_Activity_
Below are records with pictures in them. Output exactly the lines from the one with "Why Coach's former" through the one with "Transformers Beast Wars", both included, and leave every picture out; give only those lines.

Data shown START

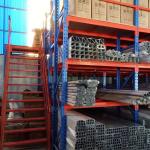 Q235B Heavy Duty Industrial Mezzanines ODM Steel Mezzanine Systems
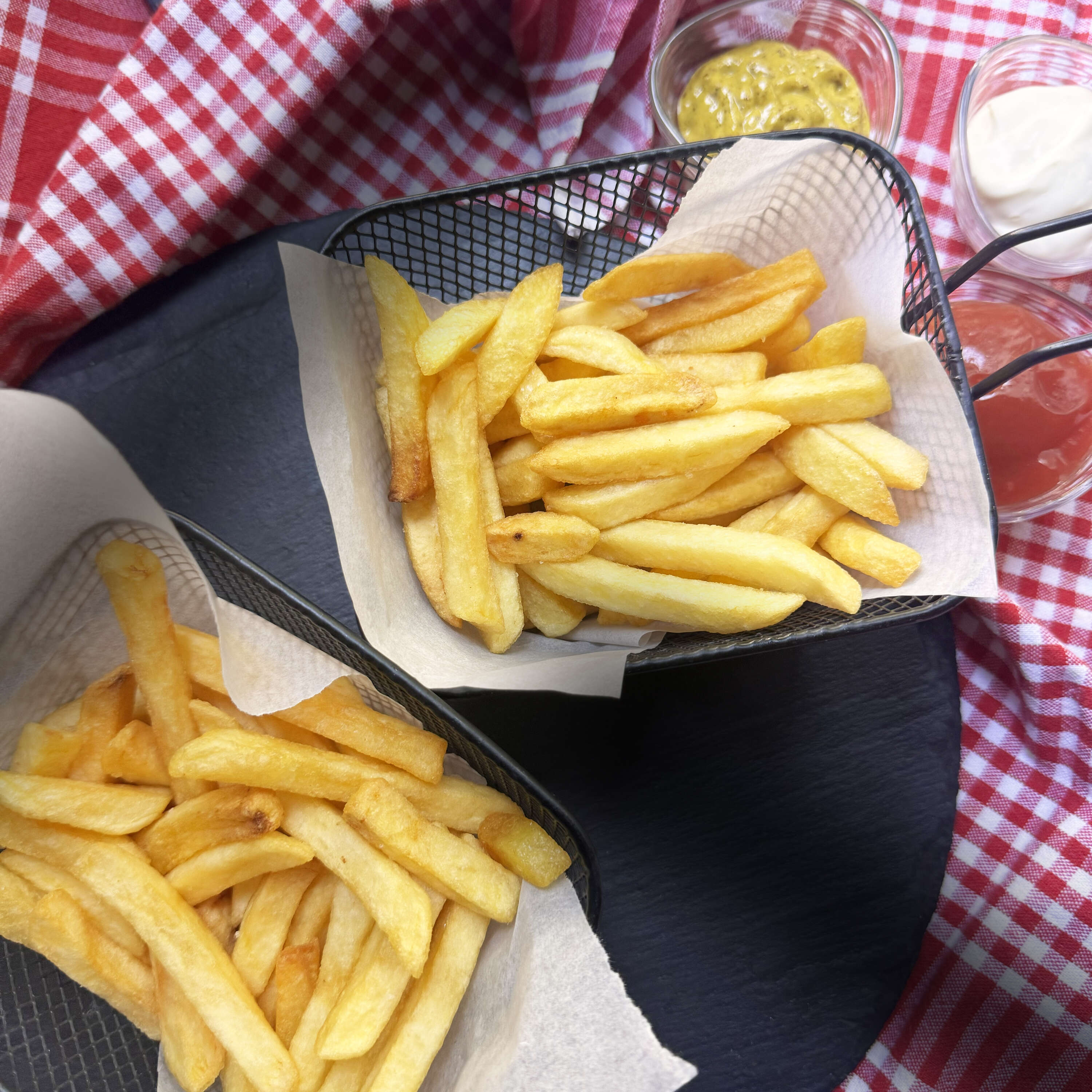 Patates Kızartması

Data shown END
Data shown START

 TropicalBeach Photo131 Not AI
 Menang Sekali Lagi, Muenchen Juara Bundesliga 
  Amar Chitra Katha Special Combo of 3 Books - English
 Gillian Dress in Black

Data shown END
Data shown START

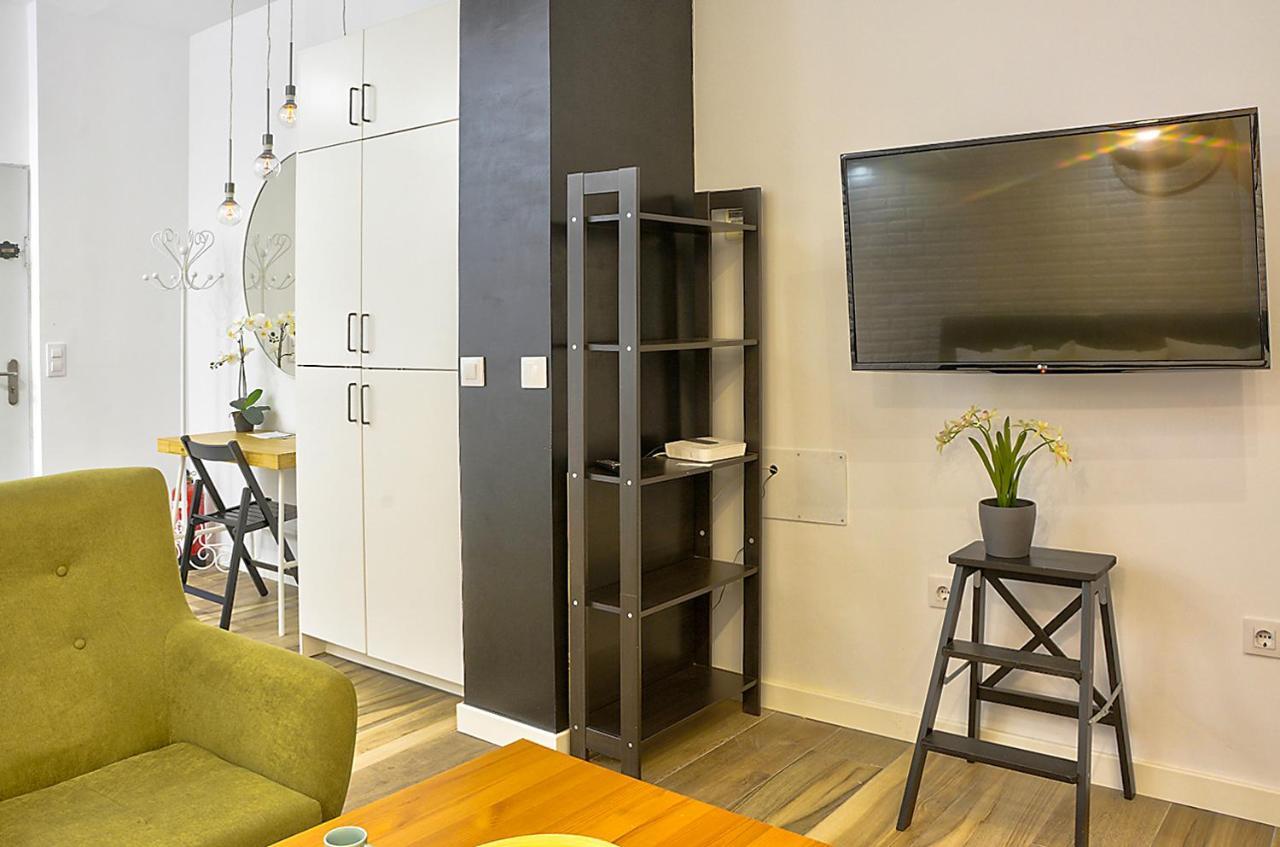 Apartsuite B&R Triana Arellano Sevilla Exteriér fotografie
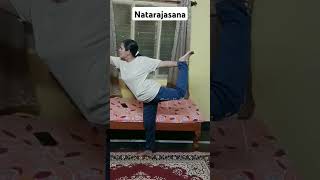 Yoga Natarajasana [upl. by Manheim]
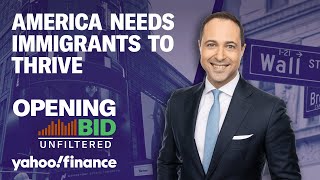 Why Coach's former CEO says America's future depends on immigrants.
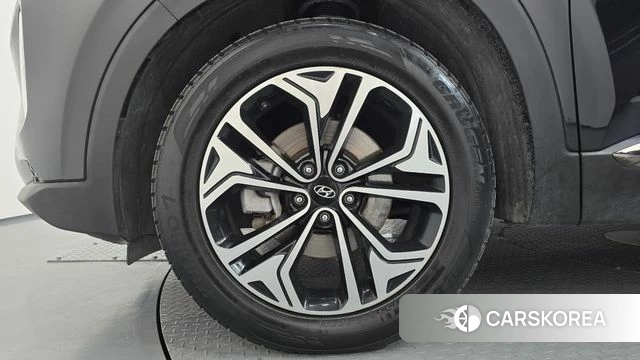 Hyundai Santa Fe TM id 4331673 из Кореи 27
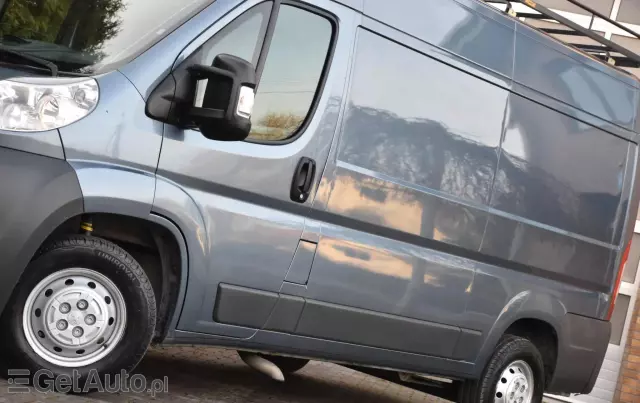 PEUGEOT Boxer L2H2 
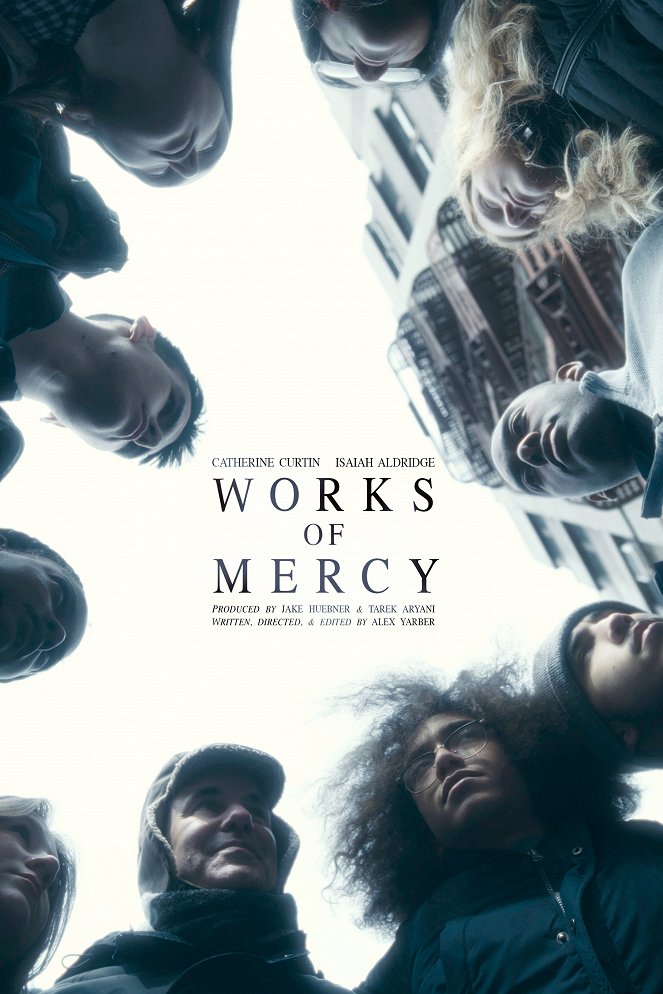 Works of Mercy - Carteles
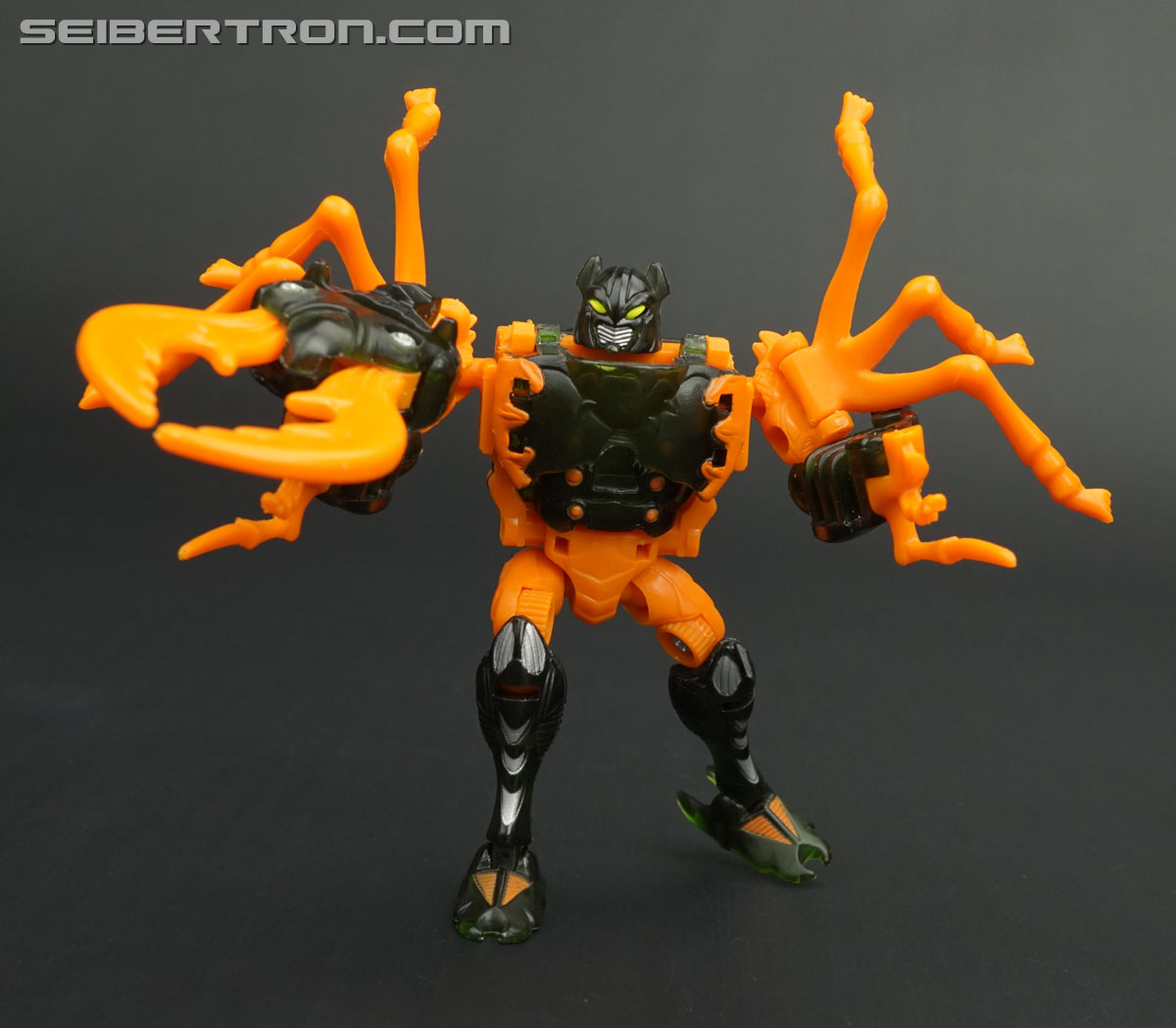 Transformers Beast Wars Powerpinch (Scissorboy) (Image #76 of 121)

Data shown END

_Solved problem_
 Why Coach's former CEO says America's future depends on immigrants.
 Hyundai Santa Fe TM id 4331673 из Кореи 27
 PEUGEOT Boxer L2H2 
 Works of Mercy - Carteles
 Transformers Beast Wars Powerpinch (Scissorboy) (Image #76 of 121)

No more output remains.